Weiland’s article definitely has a lot of good stuff in it.  But I know that, for me, following it to the letter would be too confining.

And isn’t that what this writing thing is all about, anyway?  You have to find the approach that works best for you and keep at it.  Anne Lamott has a great quote about that too:

“You get your confidence and intuition back by trusting yourself, by being militantly on your own side.”

Amen, sister.

 

Writing Around the Point

Whenever I sit down to work on my novel in progress, I try not to think too hard about the fact that I am eventually going to cut 70-90% of what I write on any given day.  It’s painful to think about, even if it’s necessary.

So it’s weird that I have totally embraced another writing technique: writing outtakes.  For my current work in progress, I have written nine different outtakes and extra scenes, ranging in length from 15,000 words to 22,000 words.  Every time I do it, I feel like I am wasting time, or at the very least, indulging in what I like to call “productive procrastination”.  (If you spend your time organizing your to-do list to avoid actually doing anything on it…that’s productive procrastination.)  Some of these stories are scenes from the novel in other points of view, some are completely separate, some are background information that I need for the main story.  At two key points in the story, where several characters converge, I actually found it helpful to write the scene in several other characters’ points of view BEFORE I tackled it from my main character’s viewpoint.

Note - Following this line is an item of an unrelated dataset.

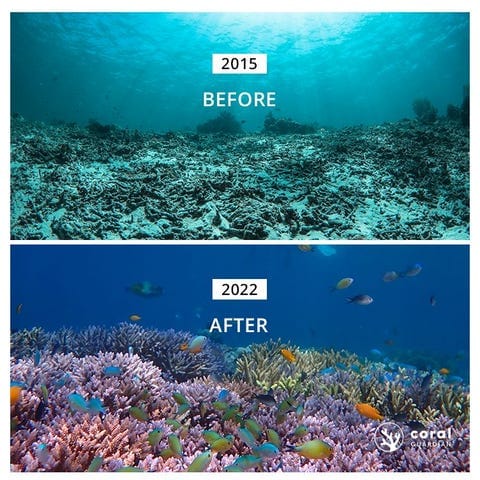Before/after undersea photo: 1) 2015 “before” with a dried up, dark, barren floor comprising dead coral; 2) 2022 “after” with a colorful coral reef, bustling with many swimming fish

So now, whenever I am struggling with my manuscript, I set it aside and choose another character to write about, or pick a moment in the past to write about.  Then when I come back to the main manuscript, more often than not, I have a much better idea of how to proceed.  It makes sense; if you got stuck writing an article or nonfiction topic, it would probably be because you need to do more research.  These side stories are “research” on my characters.  I have pages and pages of notes…

notes

 

…but for some reason it doesn’t all become “real” to me until I write it in prose form.  My characters tell me things I hadn’t known before when they start interacting with others.

Right now I am finally working on the climactic scene of my work-in-progress, a scene where five characters and their messy hopes, desires, and insecurities collides.  I tried plotting it using color-coded index cards…

cards

…scribbling notes in notebooks, adding half-formed notes to Word documents.  And I have been working on this scene from the other characters’ points of view first, starting with the villain.  (Writing in her point of view may not be healthy, but it’s useful.)

So here’s my resolution: I am no longer going to let myself feel guilty about this.  It’s not a waste of time.  It’s necessary to make the final product better, because when it comes to writing a great story, there’s just no way to rush it.